Please write out only the lines from the line with "Desapego kit ping pong" to the line with "405 N Big Horn Road, Nixa, MO 65714", inclusive, exactly as they stand below, without the pictures.

» Available records:

__________________________________________________

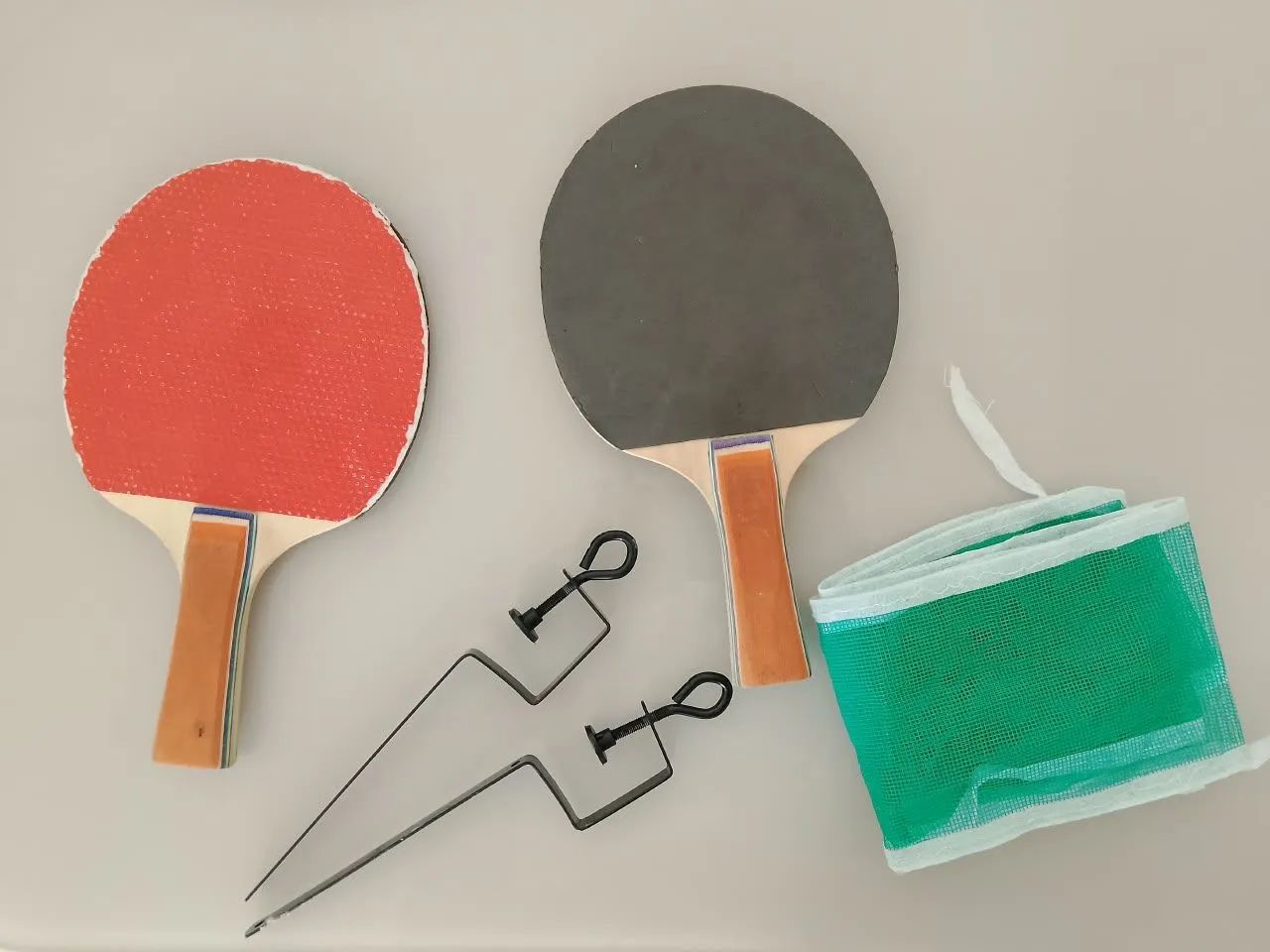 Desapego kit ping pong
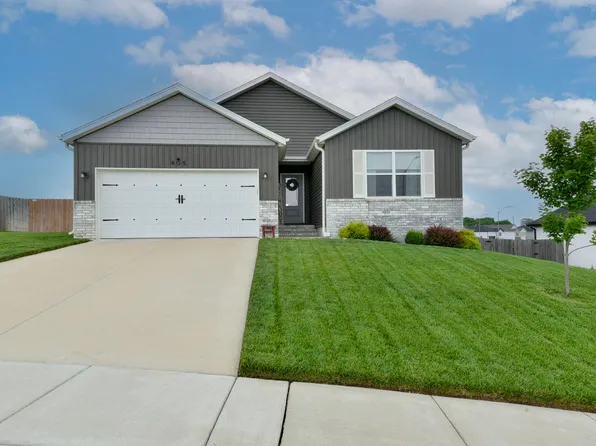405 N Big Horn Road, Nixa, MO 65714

__________________________________________________

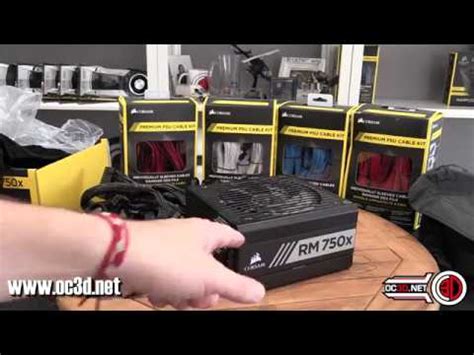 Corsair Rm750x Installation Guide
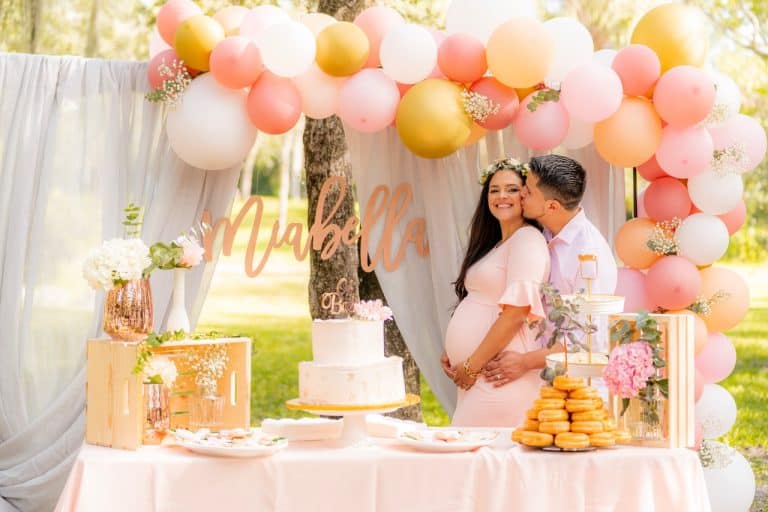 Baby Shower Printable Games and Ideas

__________________________________________________

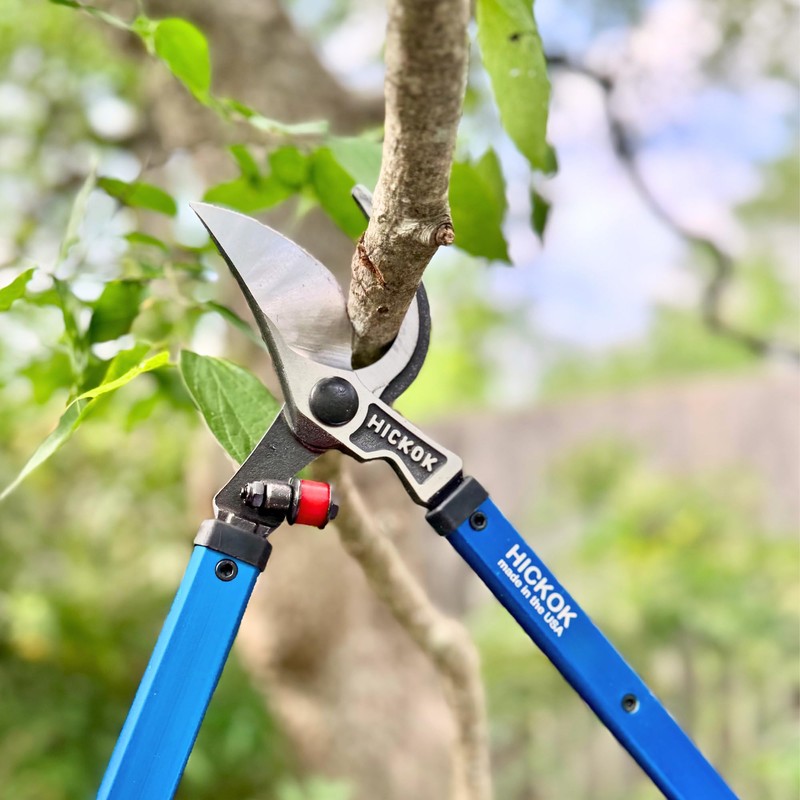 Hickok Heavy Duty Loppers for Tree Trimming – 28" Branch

__________________________________________________

» Solution for this exercise:
 Desapego kit ping pong
405 N Big Horn Road, Nixa, MO 65714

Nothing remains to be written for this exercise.